The broadcaster was so worried about offending Johnny & Associates Inc. that the talent agency’s “feelings” took priority in decisions for TBS news programs, according to the investigation.
TBS on Nov. 26 aired a program about the findings of the special investigation committee that examined the relationship between the broadcaster and the disgraced talent agency that is now called Smile-Up Inc.
The committee, set up by parent company TBS Holdings Inc. and led by lawyers who used to be prosecutors, interviewed 125 people, including current and past employees of TBS.
In one case, a former member of one of Johnny’s popular idol groups was caught red-handed in a public indecency incident.
When he was later released by police, some TBS workers hid his car in the company’s underground parking lot as he was pursued by reporters and camera crews.
According to the investigation, members of the TBS news bureau rushed to the parking lot, but officials of the production bureau intervened and said, “Don’t film!”
Such actions could have caused TBS “to abdicate its own responsibilities as a news organization,” the committee said.
In another case, the talent agency invited employees of various TV stations, including TBS, to Hawaii in 2014 to celebrate the 15th anniversary of Arashi, a hugely popular Johnny’s music group.
The agency covered all travel expenses.
“Appropriate actions are required when business trips are paid for by suppliers because questions could arise about the impartiality of broadcasts,” the committee said. “From a viewer’s point of view, it is a distrustful act that makes broadcasters appear indebted to the suppliers in some way.”
The committee also studied a case in which Kitagawa’s car rear-ended a minivan at a traffic light, causing injuries, in 2012.
The day after the accident, the TBS news bureau’s social affairs section obtained information about the incident on its own, and a report was scheduled to air on a daytime news program.
But the segment was never shown.
The investigative committee revealed that staff of the production bureau visited the news bureau, and a senior official of the news bureau then instructed staff to drop the Kitagawa accident report.
That same daytime news program aired a report about a traffic accident in which an actor’s car was rear-ended.
The committee said both accident reports should have been placed side by side for a discussion on impartiality before the broadcast.
But as it stands, the decision can only be taken as TBS giving special consideration for Johnny & Associates, the committee said.
According to the committee, a former member of “Johnny’s Jr.,” an umbrella term for pre-debut idols at the agency, said he was molested by Kitagawa in 1983 during a closed-door audition held at a concert hall owned by TBS.
But the committee said it could not find anyone who knew about the circumstances at the time, so it could not further examine the case.
An internal investigation committee established by Johnny & Associates found that Kitagawa, who died in 2019 at age 87, had likely molested hundreds of boys at the agency.
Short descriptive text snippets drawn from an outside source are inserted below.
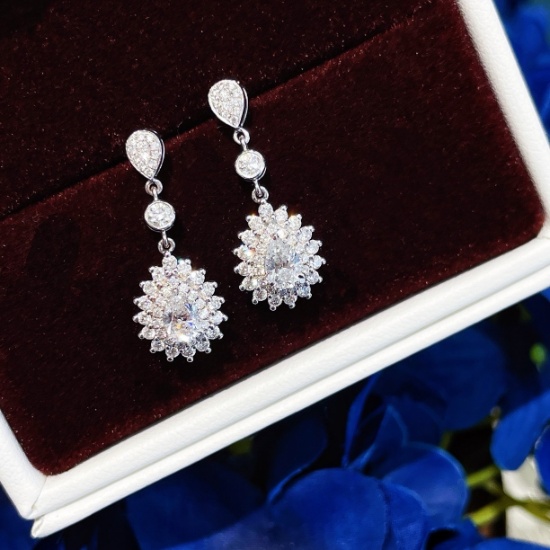Gia Certified 14k Gold 0.60 Ct Natural F Vs-si Pear Diamond Earrings
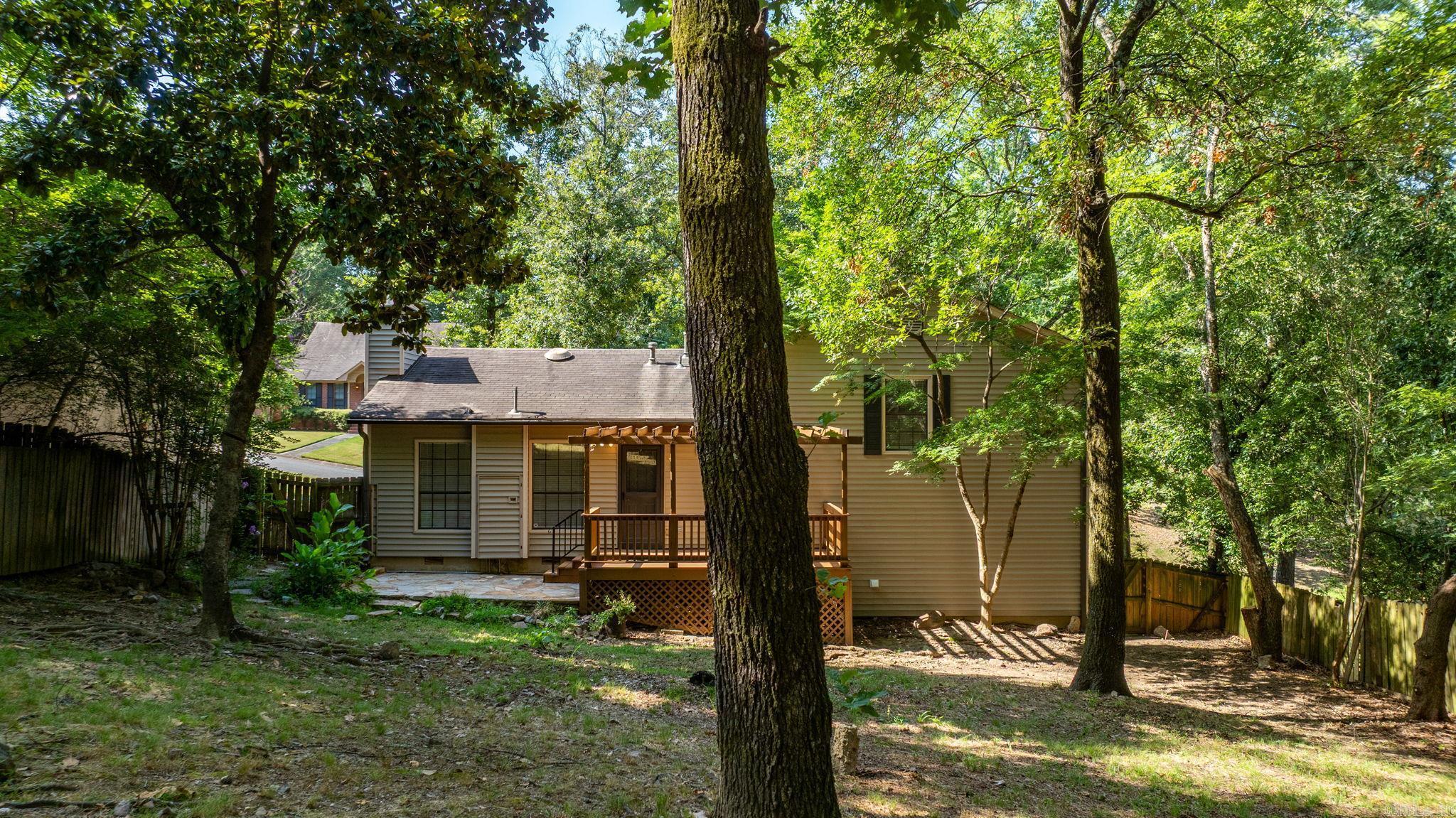 13204 Laurel Oaks  Little Rock, AR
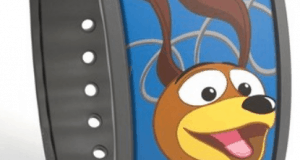 Blue Toy Story Land MagicBand featuring cheerful Slinky Dog with perked ears—exclusive for Walt Disney World Annual Passholders.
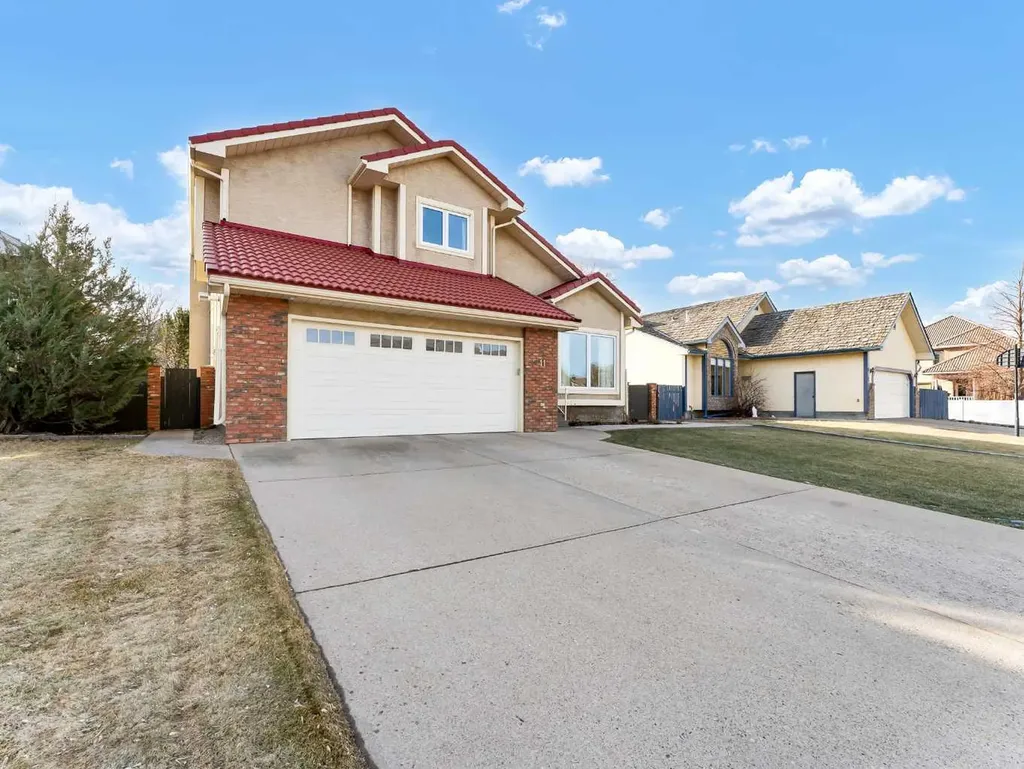 11 Taylor Crescent SE Medicine Hat AB T1B3X5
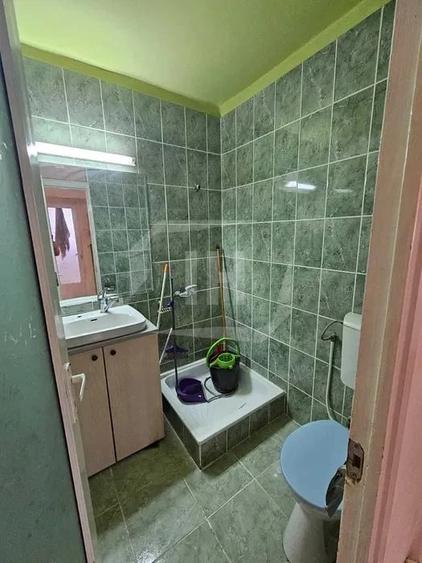 Apartament cu 3 camere decomandat în Între Lacuri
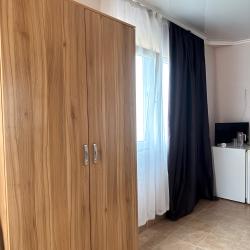 Номер эконом стандарт с 2 односпальными кроватями и выходом на море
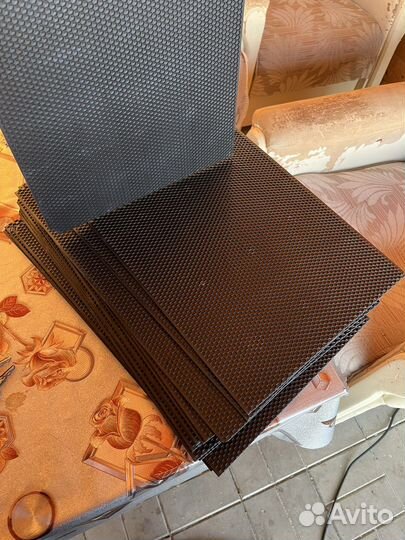 Пластиковая вощина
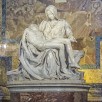 Foto: Pietà di Michelangelo  - Navata Destra (Roma) - 7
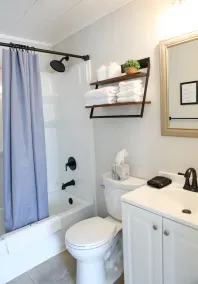 Downtown Studio at The Lake -Unit 4 - Image 3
Mainstream news media knew about the allegations of abuse decades ago but did not provide extensive coverage, it said.
Takashi Sasaki, president of TBS Holdings, said on the Nov. 26 program that the company will “reflect seriously” on its failure to report about Kitagawa’s sexual abuse until this year.
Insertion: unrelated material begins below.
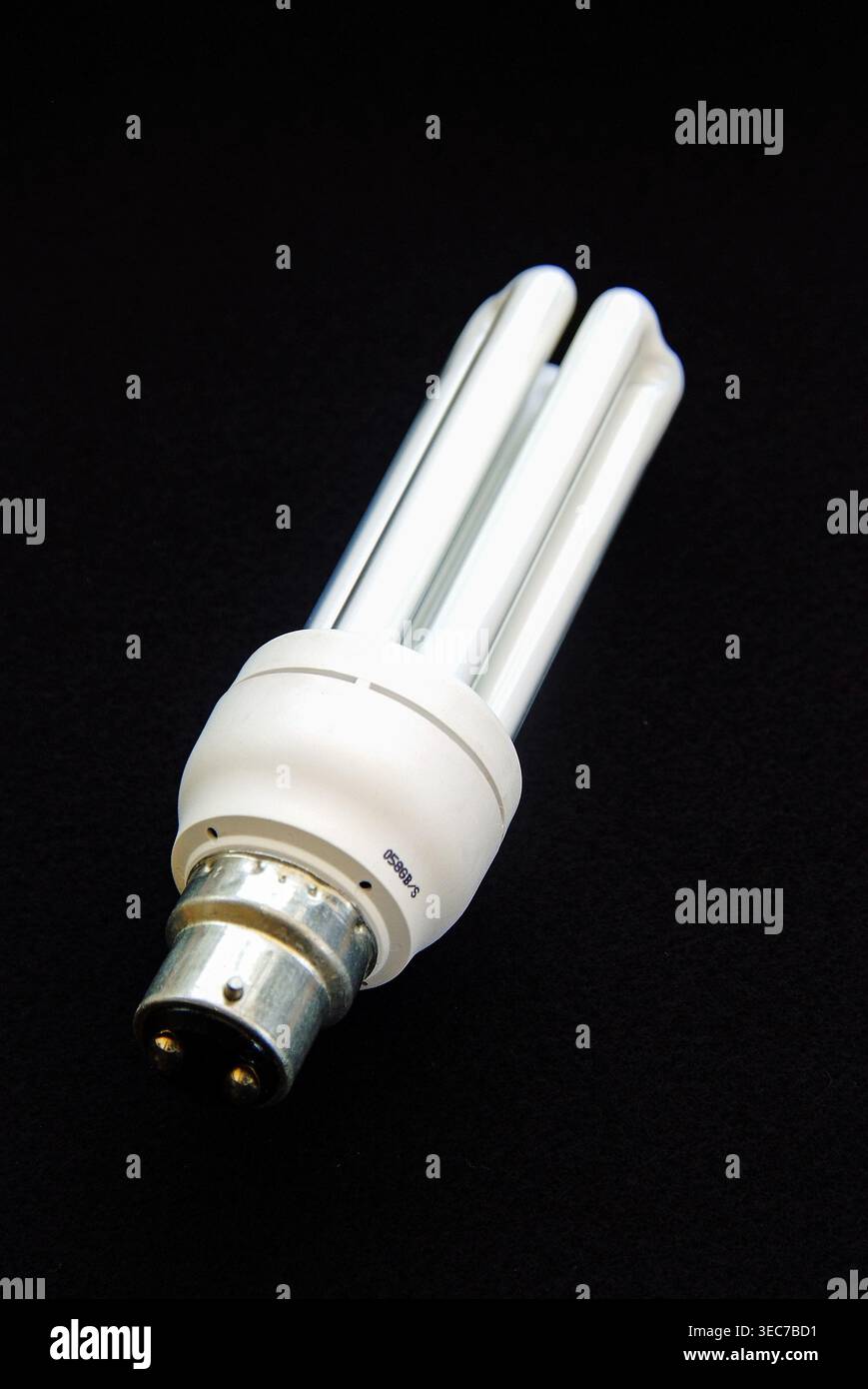 Energieeffiziente Glühlampe auf schwarzem Hintergrund, die Form und Design zeigt Stockfoto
“Each and every employee, as a member of a company entrusted with the public airwaves, will keep in mind the suffering of the victims and raise awareness of the respect for human rights,” he said.
Sasaki explained that as Johnny & Associates grew larger and more influential, people in the TBS news and production bureaus increasingly exercised restraint out of concerns for the agency’s feelings.
Sasaki pledged “more independence of the news bureau.”
“We must not let the circumstances of the company’s business relationships with suppliers slow down our pen,” he said.